La igualdad jurídica y el acceso universal a los derechos de todas las personas que formaban parte de la nación para crear gobiernos representativos y plurales, nunca ocupó el centro de la movilización independentista. La lucha democrática tomó tintes antiesclavistas y oligárquicos, pero jamás asumió un carácter de “ciudadanía”. Este proceso generó una estructura de exclusión social, económica y política, cuya práctica se convirtió en una parte sustantiva del republicanismo mexicano expresado en la estratificación social. El resultado de esta experiencia configuró la disociación entre democracia y ciudadanía.

Hoy, la igualdad ciudadana continúa sosteniéndose sobre la base del paternalismo y no en el derecho de ejercer la igualdad y libertad. Durante diferentes sexenios, independientemente del partido en el poder, las élites políticas han elaborado una ideología jurídica de la igualdad y una retórica democrática en la que resultan escindidas la propuesta política de la práctica de gobierno y los derechos sociales adscritos frente a sus contenidos adquiridos. Y, aunque la idea de libertad instaura uno de los principios ideológicos frente al sometimiento, la organización social y la estructura económica, mantienen excluida a la mayor parte de la población, reduciendo su participación política al acto de votar en periodos electorales. Este procedimiento muestra solo un ejemplo de la manera en que la política refuncionaliza modelos de reproducción social, donde las oligarquías continúan ocupando posiciones de poder y consolidando formas autoritarias que fragilizan a la democracia.

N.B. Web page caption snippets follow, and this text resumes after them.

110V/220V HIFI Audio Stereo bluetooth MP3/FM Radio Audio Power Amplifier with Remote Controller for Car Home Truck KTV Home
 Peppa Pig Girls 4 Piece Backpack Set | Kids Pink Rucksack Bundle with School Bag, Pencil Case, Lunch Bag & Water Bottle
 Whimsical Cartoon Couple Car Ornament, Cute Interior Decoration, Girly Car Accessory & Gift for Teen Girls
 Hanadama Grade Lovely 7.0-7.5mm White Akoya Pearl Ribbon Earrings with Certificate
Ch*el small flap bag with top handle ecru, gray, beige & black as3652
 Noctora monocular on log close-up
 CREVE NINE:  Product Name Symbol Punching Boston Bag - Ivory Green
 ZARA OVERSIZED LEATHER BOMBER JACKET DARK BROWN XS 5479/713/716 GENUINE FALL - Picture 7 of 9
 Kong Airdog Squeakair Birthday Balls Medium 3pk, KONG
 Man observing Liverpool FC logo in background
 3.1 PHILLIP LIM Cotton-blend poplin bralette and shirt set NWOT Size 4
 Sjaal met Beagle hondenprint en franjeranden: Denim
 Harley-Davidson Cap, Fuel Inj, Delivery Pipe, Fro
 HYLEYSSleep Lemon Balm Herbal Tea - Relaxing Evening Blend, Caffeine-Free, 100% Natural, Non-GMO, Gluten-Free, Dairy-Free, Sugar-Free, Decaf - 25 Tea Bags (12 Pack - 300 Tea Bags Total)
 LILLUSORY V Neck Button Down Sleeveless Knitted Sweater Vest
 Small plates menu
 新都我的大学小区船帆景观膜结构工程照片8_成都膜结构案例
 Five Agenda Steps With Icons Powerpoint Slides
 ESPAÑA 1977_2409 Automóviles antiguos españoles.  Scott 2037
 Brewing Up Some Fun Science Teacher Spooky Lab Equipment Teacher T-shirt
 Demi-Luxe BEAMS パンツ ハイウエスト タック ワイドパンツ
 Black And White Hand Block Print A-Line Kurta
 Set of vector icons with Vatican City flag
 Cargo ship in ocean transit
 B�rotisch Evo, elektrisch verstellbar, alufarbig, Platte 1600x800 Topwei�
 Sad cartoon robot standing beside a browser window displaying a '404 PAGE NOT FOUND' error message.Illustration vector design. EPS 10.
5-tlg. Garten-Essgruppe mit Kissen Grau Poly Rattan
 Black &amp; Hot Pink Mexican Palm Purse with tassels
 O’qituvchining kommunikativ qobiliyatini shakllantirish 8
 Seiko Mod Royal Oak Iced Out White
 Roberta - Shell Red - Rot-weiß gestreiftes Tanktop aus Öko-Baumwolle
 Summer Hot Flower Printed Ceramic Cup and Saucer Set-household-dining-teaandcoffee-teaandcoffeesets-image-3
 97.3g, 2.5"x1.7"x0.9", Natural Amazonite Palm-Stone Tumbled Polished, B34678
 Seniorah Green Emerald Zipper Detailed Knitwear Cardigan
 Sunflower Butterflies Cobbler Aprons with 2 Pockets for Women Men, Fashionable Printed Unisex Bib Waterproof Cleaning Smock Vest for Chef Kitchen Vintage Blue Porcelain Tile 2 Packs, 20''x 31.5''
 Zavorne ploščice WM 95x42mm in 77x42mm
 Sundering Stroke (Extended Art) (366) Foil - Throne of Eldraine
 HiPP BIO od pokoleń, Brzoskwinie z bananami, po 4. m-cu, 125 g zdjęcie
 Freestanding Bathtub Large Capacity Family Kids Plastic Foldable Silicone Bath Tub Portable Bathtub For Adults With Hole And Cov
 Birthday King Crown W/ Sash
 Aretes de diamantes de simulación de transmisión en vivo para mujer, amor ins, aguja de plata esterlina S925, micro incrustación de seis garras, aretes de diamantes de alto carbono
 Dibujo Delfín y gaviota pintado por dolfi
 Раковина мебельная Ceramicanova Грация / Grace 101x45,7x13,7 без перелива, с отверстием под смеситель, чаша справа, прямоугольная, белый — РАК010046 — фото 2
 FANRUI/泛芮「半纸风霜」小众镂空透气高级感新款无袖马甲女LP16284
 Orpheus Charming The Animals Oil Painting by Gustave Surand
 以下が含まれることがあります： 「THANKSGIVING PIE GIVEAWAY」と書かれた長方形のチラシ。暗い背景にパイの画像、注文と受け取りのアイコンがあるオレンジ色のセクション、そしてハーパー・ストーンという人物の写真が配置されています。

En nuestro país, el ejercicio de los derechos y participación ciudadana continúa siendo una cuenta pendiente. La tradición del paternalismo, expresada en diversas formas patrimonialistas instauradas para gobernar, desvirtúa los vínculos entre democracia y ciudadanía, derivando en una brutal corrupción, impunidad y exclusión social. El patrimonialismo socava a las instituciones y erige una ciudadanía dependiente, manipulable e incapaz de fortalecer un régimen democrático en el que se desarrolle un sistema de partidos en un campo abierto a la competencia y a la oferta de un gobierno de ciudadanos. Un resultado desalentador en este sentido, lo configura la élite política luchando por crear —o mantener— partidos políticos para seguir disfrutando de sus privilegios, antes que promover la pluralidad, participación y cultura política de la ciudadanía.